# Buddy, Bailey, and Rhino - My brindle trio! :)



## AdrianVall (Dec 16, 2009)

Hey guys,

I'm new here. Just posted in the intro. section and I promised some pictures so here we are! 

Bailey is our black brindle pitbull. She's 4 months old and 27 lbs.

Buddy is our fawn brindle boxer/pitbull mix. He's 4 months old and 33 lbs.

Rhino is our new rescue pup (didn't have intentions of getting another dog.. but he stole my heart the moment he looked in my eyes.) and he is 4 months old weighing 38 lbs. He's a little overweight however, so we are working on that. He came to us in very poor condition. My girl and I pulled at least 10 or more ticks off him. He has demodex mange (not contagious) and we are treating that with an ointment the vet gave us. But the Doc. said hes a big healthy boy! 
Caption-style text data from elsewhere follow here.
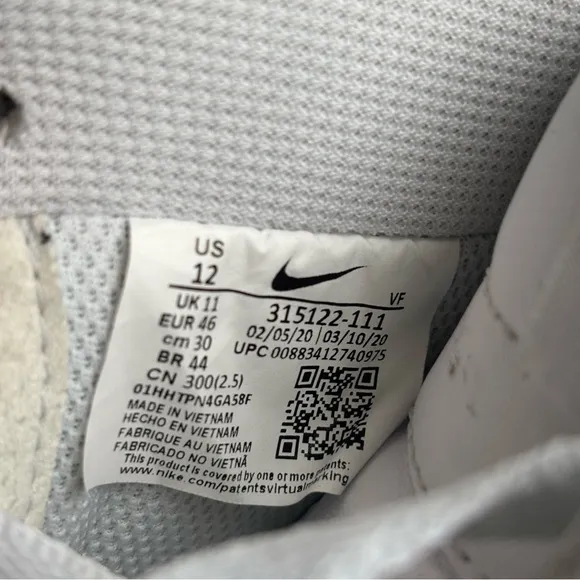Nike Air Force 1 White Low Top Men's Classic AF1 Sneakers Size 12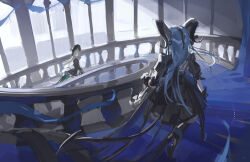  2girls absurdres arknights bang_dream! bang_dream!_it's_mygo!!!!! black_bonnet black_dress black_gloves blue_hair bonnet commentary dress gloves green_hair highres horns long_hair multiple_girls phyriaxi railing short_sleeves stairs tail togawa_sakiko togawa_sakiko_(master_of_melodia) wakaba_mutsumi wakaba_mutsumi_(marionette's_id) 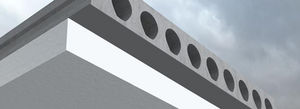 reinforced concrete precast core floor slab / insulating / alveolar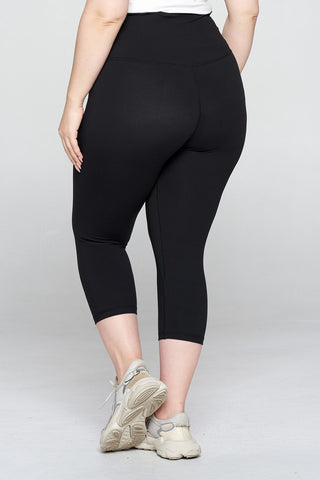Curvy Black High Rise Casual Capri Leggings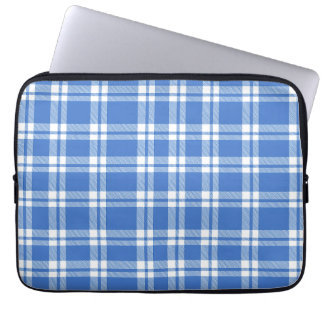 Schattig Retro Blauw Gingham Gestreepte Patroon Laptop Sleeve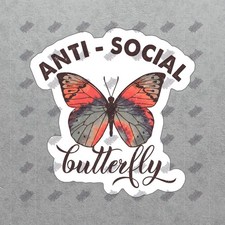 Anti Social Butterfly Vinyl Sticker Aesthetic Decal for Laptops, 114709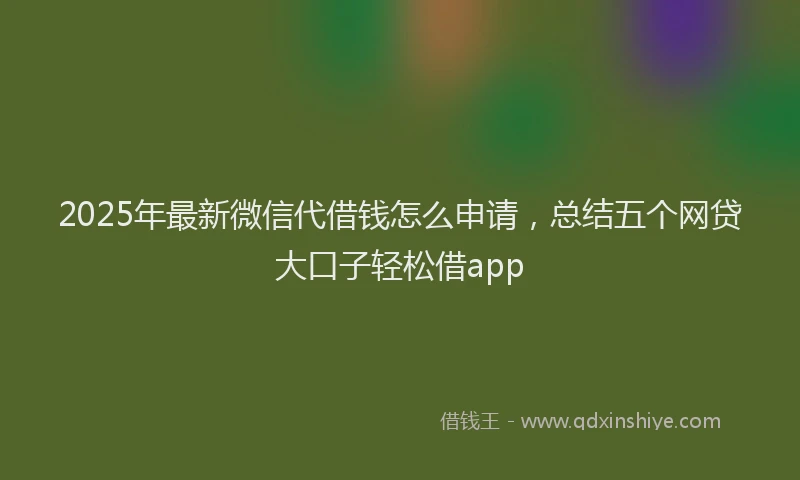2025年最新微信代借钱怎么申请，总结五个网贷大口子轻松借app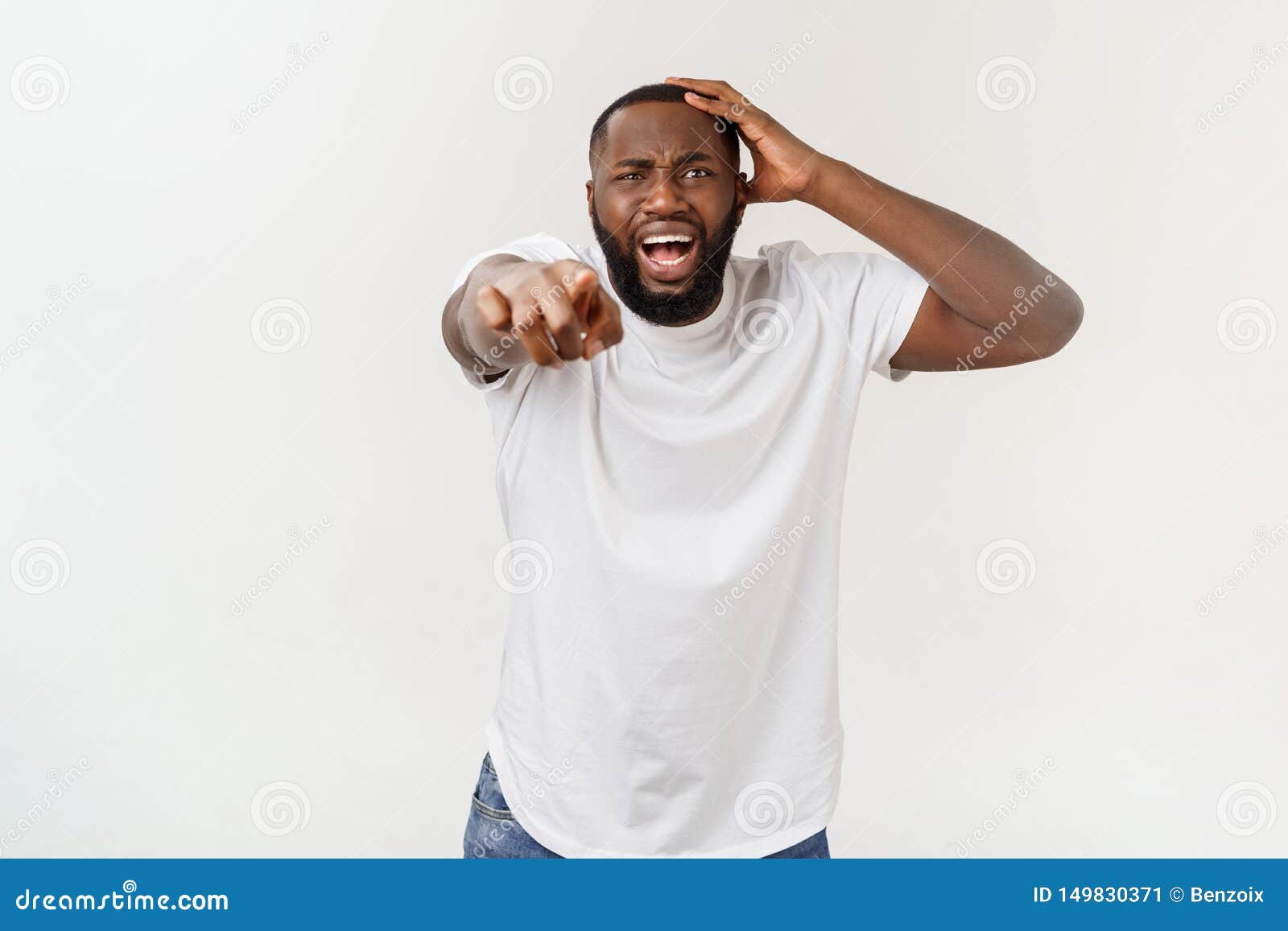 Portrait of Shocked Young African American Man Wearing White Blank T ...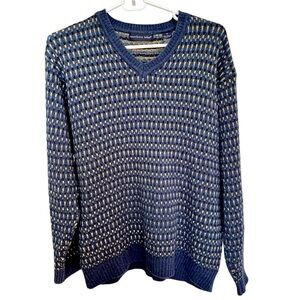 Vintage‎ Northern Isles Birdseye Sweater Men's Medium V-Neck Multicolor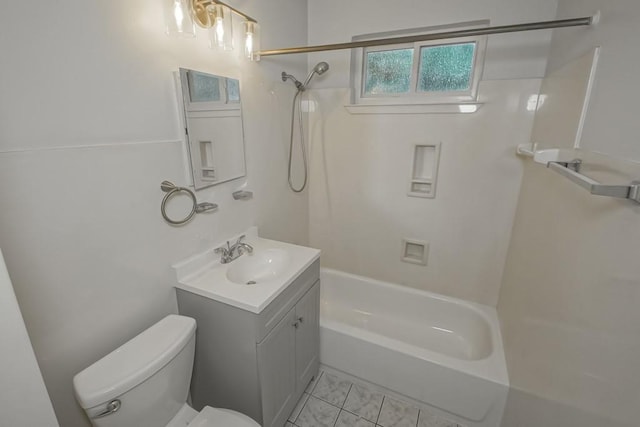 8209 Harris Ave, Harahan, LA 70123 - full bathroom featuring toilet, shower / bathtub combination, vanity, and marble finish floors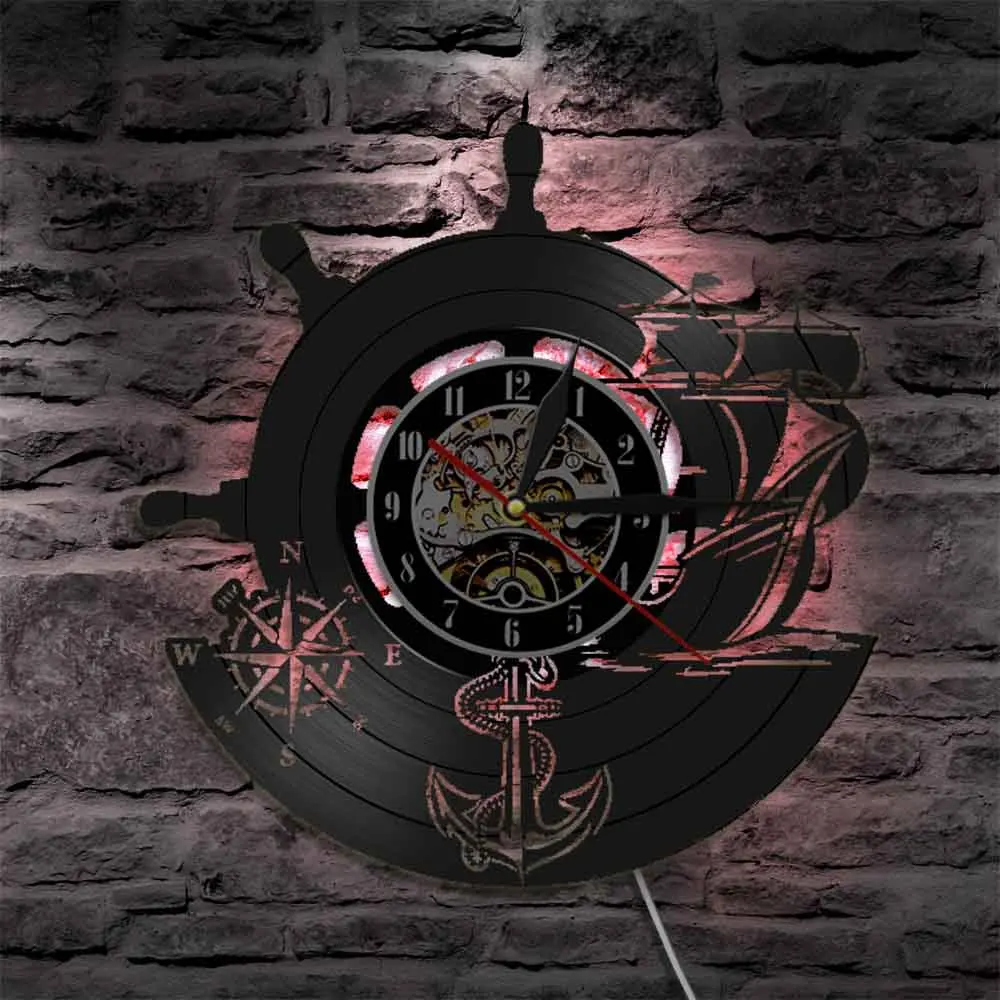 Настенные часы с якорем и кораблем компасом модель корабля морем винтажный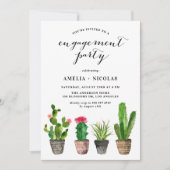 Boho Waterverf Succulents Summer Engagement Party Kaart (Voorkant)
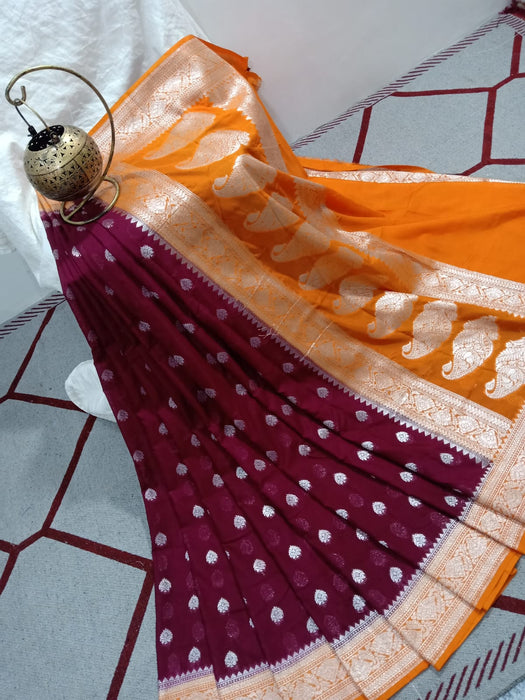 SEMI GEORGUTTE BANARASI SAREE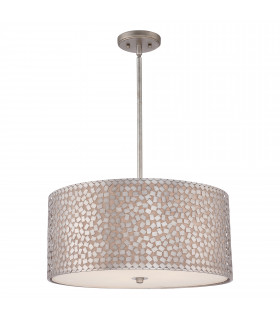 Confetti 4 Light  Large Round Ceiling Pendant Old Silver E27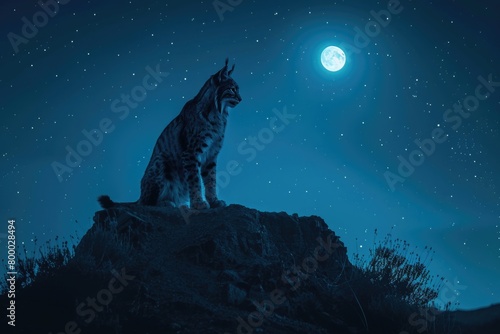 Lynx Silhouette with a Glowing Moon and Starry Sky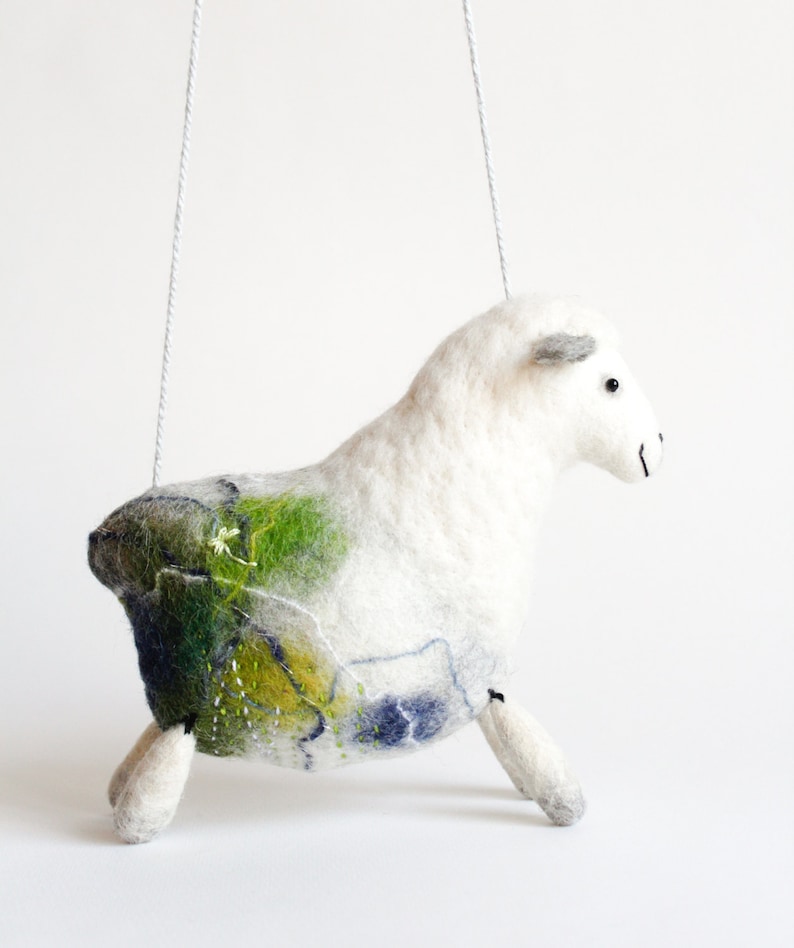 Anetta Felt Sheep, Art Puppet, Felted animal, Marionette, Stuffed Animal, Felted Toy, Softie Plush Toy, silver white . MADE TO ORDER image 3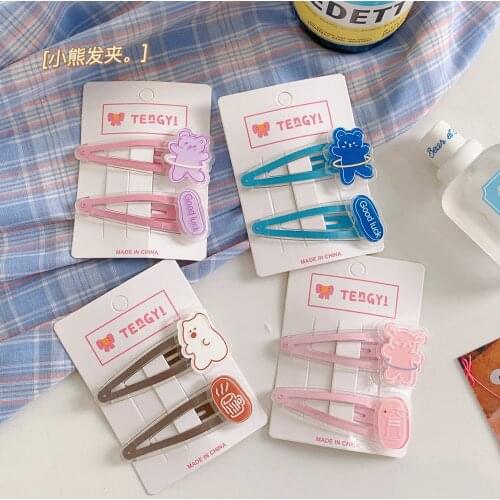 2021 Fashion Acrylic Bear Hair Clips Set Cartoon Animal Hair Barrettes For Women Girls Korean Hair Accessories Jewelry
Anyway, here are some pics. Enjoy!














































Here's a picture showing off Rhino's patch of hair missing under his eye just to give you guys an idea.


----------



## Czar (Nov 11, 2009)

lol god lookin dogs


----------



## Akasha (Oct 30, 2009)

Beautiful dogs, looks like you going to have your hands full  !


----------



## StaffyDaddy (Mar 28, 2009)

Great lookin pups, i love brindles! hope ya crate and rotate!!


----------



## Chinadog (Sep 14, 2009)

lol aww house full of brindles!


----------



## AdrianVall (Dec 16, 2009)

haha thanks guys. Yeah I love my brindles. I'll try and get some individual pictures of them seperately. But its pretty dang hard trying to get them to sit still!


----------



## vdubbinya (Oct 8, 2008)

pretty dogs


----------



## meganc66 (Mar 6, 2009)

rhino looks just like my rudi!!!


----------



## American_Pit13 (Apr 23, 2007)

They are cuties! I love BRINDLES WOOOOOOTTT! Hopefully you know whats be expected in about a year


----------



## t1dirty (May 21, 2009)

great looking pups


----------



## AdrianVall (Dec 16, 2009)

american_pit13 said:


> They are cuties! I love BRINDLES WOOOOOOTTT! Hopefully you know whats be expected in about a year


Uh oh! I didn't like the sounds of that! LOL.

Thanks for the compliments everyone!


----------



## Patch-O-Pits (Jan 12, 2008)

They are all very cute!


----------